Since $V$ is open in $Y$, then $K$ is closed in $Y$. Since $Y$ is compact, then $K$ is compact. (any closed subspace of compact space is compact)
## Countability axioms
### First countability axiom
#### Definition for first countability axiom
Let $X$ be a topological space, then $X$ satisfies the first countability axiom if
For any $x\in X$, there is a countable collection $\{B_n\}_n$ of open neighborhoods of $x$ such that any open neighborhood $U$ of $x$ contains one of $B_n$.
Example for metric space satisfies the first countability axiom
Any metric space satisfies the first countability axiom.
Take $\{B_{\frac{1}{n}}(x)\}_{n=1}^\infty$.
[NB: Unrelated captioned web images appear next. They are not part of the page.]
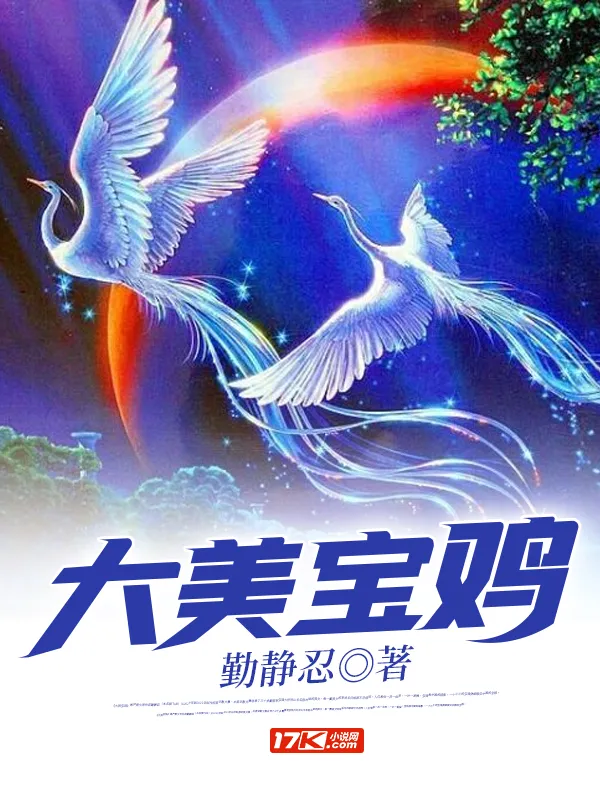 大美寶雞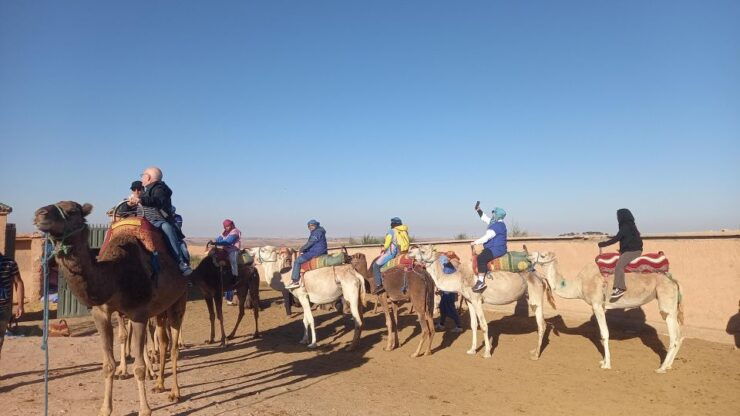 Private 3-Day Circuit From Marrakech to Merzouga Desert to Fes - Marrakech: Vibrant Markets and Cultural Sites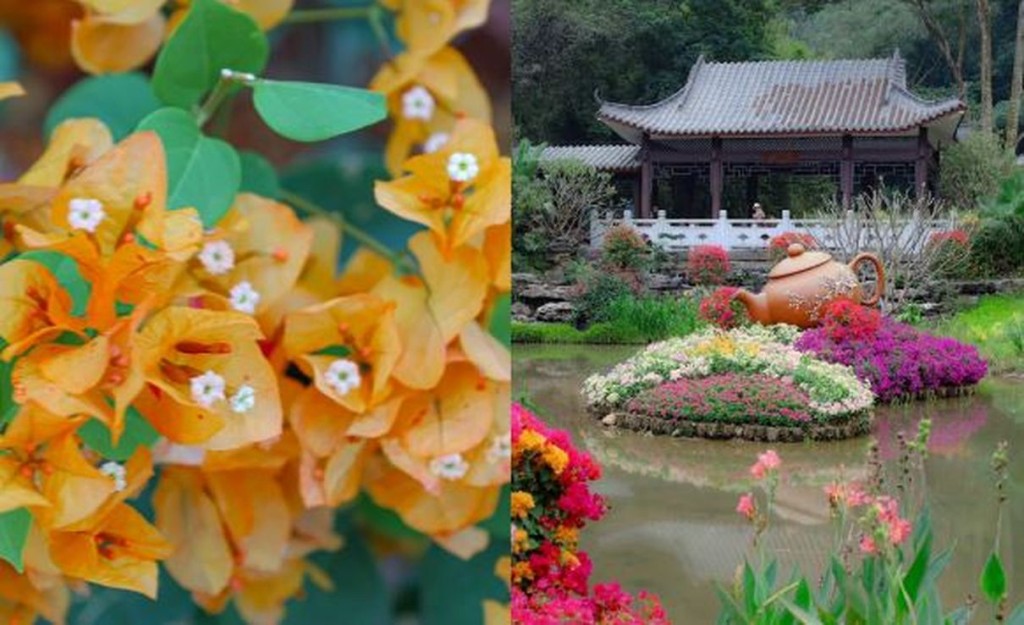 2023廣州簕杜鵑花展｜簕杜鵑是冬天開的花，花期一般在11月至3月之間
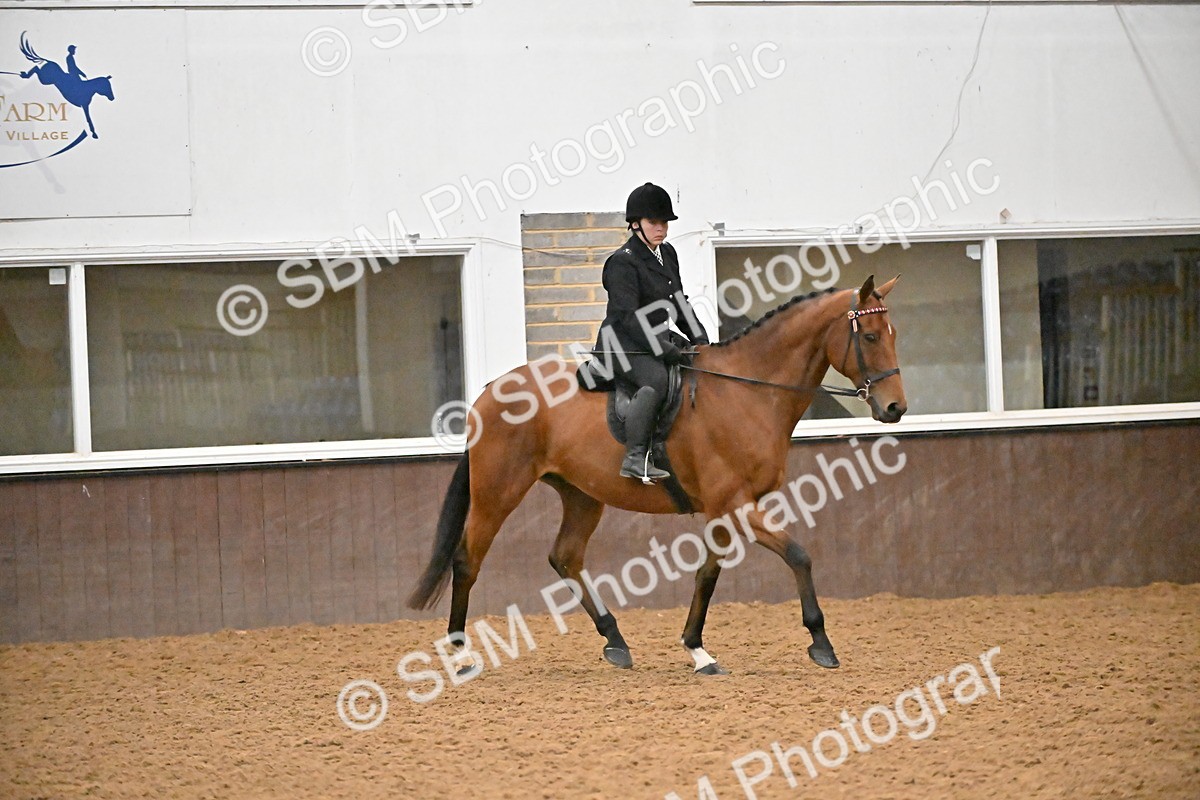 SBM_003000 - Class 37,38 - UKPSAF Performance Horse & Pony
#### Properties for topological spaces that satisfy the first countability axiom
1. If $A\subseteq X$, then for any $x\in \overline{A}$, there is a sequence $\{x_n\}_{n=1}^\infty\subseteq A$ such that $x_n\to x$.
2. If $f:X\to Y$ such that for any sequence $\{x_n\}_{n=1}^\infty\subseteq X$ such that $x_n\to x$, we have $f(x_n)\to f(x)$ in $Y$, then $f$ is continuous.
### Second countability axiom
#### Definition for second countability axiom
Let $X$ be a topological space, then $X$ satisfies the second countability axiom if
it has a countable basis.
Clearly any second countable space also satisfies the first countability axiom.
But the converse is not true.
Example for metric space satisfies the second countability axiom
$\mathbb{R}$ satisfies the second countability axiom. Take $\{(a,b)|a,b\in\mathbb{Q}\}$ is a basis for $\mathbb{R}$.
And $\mathbb{Q}$ is countable.
More generally, $\mathbb{R}^n$ is also countable and satisfies the second countability axiom.
> [!WARNING]
>
> Not all topological spaces satisfy the second countability axiom is metrizable.